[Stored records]
-------------------------
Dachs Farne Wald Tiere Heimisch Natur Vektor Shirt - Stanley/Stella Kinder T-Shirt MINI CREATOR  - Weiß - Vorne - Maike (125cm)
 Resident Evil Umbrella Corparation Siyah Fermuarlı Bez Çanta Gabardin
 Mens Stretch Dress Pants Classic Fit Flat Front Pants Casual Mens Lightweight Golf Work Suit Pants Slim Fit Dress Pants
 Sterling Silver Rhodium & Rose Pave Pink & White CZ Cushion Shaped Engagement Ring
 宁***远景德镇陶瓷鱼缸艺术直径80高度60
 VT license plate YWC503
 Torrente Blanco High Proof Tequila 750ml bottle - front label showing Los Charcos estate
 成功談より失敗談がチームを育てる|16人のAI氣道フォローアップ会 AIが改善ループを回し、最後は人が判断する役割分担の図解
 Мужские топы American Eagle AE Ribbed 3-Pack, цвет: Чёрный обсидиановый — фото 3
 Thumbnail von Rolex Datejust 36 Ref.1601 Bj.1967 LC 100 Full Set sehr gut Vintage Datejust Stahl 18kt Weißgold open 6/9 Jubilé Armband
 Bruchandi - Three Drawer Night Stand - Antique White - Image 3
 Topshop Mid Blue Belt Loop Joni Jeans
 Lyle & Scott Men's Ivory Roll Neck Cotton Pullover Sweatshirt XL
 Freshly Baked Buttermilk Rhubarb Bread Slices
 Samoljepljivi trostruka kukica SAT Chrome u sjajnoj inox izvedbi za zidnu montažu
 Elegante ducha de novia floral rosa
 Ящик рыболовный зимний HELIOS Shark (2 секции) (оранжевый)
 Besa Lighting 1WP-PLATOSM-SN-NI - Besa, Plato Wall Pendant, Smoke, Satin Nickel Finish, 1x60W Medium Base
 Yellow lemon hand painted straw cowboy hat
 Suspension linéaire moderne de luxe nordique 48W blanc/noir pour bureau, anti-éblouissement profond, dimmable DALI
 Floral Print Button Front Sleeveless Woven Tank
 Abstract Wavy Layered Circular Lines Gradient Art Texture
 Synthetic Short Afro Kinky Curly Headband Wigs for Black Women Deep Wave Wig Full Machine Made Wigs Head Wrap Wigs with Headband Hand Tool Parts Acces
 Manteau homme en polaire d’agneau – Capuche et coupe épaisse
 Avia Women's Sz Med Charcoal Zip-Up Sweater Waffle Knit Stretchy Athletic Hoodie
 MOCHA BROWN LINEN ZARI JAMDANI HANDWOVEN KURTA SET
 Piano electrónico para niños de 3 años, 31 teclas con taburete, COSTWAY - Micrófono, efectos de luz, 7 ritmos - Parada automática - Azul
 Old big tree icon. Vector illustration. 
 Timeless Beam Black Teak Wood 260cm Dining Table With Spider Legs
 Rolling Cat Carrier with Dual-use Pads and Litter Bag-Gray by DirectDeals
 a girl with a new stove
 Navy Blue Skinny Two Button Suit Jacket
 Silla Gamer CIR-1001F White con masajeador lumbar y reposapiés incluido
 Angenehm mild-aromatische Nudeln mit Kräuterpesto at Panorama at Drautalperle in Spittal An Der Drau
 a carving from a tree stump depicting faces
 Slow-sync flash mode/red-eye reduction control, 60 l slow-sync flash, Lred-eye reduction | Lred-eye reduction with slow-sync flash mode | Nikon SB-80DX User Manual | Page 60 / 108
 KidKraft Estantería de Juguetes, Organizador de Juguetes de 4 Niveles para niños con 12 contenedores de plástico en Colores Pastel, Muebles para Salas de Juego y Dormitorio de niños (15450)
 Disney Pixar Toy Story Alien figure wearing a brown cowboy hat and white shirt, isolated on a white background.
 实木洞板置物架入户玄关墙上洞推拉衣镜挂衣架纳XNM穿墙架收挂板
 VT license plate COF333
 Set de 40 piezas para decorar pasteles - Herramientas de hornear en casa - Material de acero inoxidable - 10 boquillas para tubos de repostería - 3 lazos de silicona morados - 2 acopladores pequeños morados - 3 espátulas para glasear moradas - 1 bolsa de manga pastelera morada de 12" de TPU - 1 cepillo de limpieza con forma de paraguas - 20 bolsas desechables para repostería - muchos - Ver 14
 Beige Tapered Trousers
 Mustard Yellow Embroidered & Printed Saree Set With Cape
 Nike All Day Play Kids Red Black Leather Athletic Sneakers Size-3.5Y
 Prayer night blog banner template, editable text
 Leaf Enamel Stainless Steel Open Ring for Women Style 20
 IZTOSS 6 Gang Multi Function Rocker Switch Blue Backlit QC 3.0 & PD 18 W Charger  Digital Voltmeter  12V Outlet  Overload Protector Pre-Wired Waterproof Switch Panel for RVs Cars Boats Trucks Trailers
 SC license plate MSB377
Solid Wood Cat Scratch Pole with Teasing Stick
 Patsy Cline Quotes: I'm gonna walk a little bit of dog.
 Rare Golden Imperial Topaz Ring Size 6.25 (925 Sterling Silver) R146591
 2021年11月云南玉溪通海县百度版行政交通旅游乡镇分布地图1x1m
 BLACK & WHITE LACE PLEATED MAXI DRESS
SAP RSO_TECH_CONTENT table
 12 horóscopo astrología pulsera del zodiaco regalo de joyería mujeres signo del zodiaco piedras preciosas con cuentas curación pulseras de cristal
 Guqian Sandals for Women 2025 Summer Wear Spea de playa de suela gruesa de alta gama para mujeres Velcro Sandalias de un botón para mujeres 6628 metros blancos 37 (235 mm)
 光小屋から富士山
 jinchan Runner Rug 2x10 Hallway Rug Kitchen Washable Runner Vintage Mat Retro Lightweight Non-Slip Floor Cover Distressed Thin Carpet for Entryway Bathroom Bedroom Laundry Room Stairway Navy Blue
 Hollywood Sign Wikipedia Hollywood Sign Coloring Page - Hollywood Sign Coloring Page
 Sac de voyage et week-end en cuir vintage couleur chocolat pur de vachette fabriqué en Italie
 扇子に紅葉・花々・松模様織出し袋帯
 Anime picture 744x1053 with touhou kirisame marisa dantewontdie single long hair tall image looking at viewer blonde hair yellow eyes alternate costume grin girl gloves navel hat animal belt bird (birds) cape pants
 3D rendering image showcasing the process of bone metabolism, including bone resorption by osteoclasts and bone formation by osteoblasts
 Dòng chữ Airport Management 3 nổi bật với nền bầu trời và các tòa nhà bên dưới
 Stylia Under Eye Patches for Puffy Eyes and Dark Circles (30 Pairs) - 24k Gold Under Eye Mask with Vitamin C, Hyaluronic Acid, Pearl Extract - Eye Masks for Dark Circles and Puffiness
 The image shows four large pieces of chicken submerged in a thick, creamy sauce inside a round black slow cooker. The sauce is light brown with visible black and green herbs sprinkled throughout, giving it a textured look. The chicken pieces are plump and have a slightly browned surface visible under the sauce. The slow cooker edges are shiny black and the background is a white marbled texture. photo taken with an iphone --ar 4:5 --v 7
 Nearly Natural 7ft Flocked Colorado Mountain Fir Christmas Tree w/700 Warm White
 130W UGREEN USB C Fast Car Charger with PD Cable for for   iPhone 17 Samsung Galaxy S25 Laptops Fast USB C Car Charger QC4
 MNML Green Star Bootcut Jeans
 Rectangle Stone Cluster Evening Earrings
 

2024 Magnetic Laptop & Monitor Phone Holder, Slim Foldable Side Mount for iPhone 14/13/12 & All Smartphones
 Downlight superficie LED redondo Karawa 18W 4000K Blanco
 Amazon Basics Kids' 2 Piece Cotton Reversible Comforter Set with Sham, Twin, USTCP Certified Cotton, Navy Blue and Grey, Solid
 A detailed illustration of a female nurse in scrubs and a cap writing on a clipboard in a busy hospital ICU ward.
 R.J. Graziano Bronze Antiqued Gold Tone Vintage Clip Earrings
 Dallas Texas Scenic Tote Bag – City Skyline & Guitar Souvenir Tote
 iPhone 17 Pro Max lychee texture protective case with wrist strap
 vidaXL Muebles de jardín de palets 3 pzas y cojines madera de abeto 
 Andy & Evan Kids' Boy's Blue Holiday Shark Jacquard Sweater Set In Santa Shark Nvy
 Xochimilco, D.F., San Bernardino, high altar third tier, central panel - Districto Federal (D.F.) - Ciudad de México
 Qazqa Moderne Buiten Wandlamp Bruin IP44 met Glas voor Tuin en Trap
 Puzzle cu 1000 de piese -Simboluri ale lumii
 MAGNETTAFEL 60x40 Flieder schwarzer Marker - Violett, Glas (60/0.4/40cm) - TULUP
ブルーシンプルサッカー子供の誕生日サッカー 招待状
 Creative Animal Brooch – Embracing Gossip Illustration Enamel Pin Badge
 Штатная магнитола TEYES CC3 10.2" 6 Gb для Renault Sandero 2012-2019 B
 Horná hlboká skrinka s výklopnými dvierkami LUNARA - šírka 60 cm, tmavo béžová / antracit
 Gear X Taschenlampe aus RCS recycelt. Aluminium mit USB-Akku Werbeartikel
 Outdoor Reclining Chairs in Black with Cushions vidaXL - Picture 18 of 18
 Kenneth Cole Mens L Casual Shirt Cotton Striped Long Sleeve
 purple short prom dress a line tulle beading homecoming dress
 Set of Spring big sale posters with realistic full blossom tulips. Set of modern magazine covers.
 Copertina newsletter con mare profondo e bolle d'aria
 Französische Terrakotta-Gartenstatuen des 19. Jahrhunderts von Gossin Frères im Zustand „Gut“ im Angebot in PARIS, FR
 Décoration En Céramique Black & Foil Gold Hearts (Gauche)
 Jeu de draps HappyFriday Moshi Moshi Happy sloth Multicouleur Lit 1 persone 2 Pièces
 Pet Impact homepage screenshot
-------------------------
Look above for the line with "Downlight superficie LED" and the line with "vidaXL Muebles de", and reproduce exactly those two lines plus every line between, nothing more.

 Downlight superficie LED redondo Karawa 18W 4000K Blanco
 Amazon Basics Kids' 2 Piece Cotton Reversible Comforter Set with Sham, Twin, USTCP Certified Cotton, Navy Blue and Grey, Solid
 A detailed illustration of a female nurse in scrubs and a cap writing on a clipboard in a busy hospital ICU ward.
 R.J. Graziano Bronze Antiqued Gold Tone Vintage Clip Earrings
 Dallas Texas Scenic Tote Bag – City Skyline & Guitar Souvenir Tote
 iPhone 17 Pro Max lychee texture protective case with wrist strap
 vidaXL Muebles de jardín de palets 3 pzas y cojines madera de abeto 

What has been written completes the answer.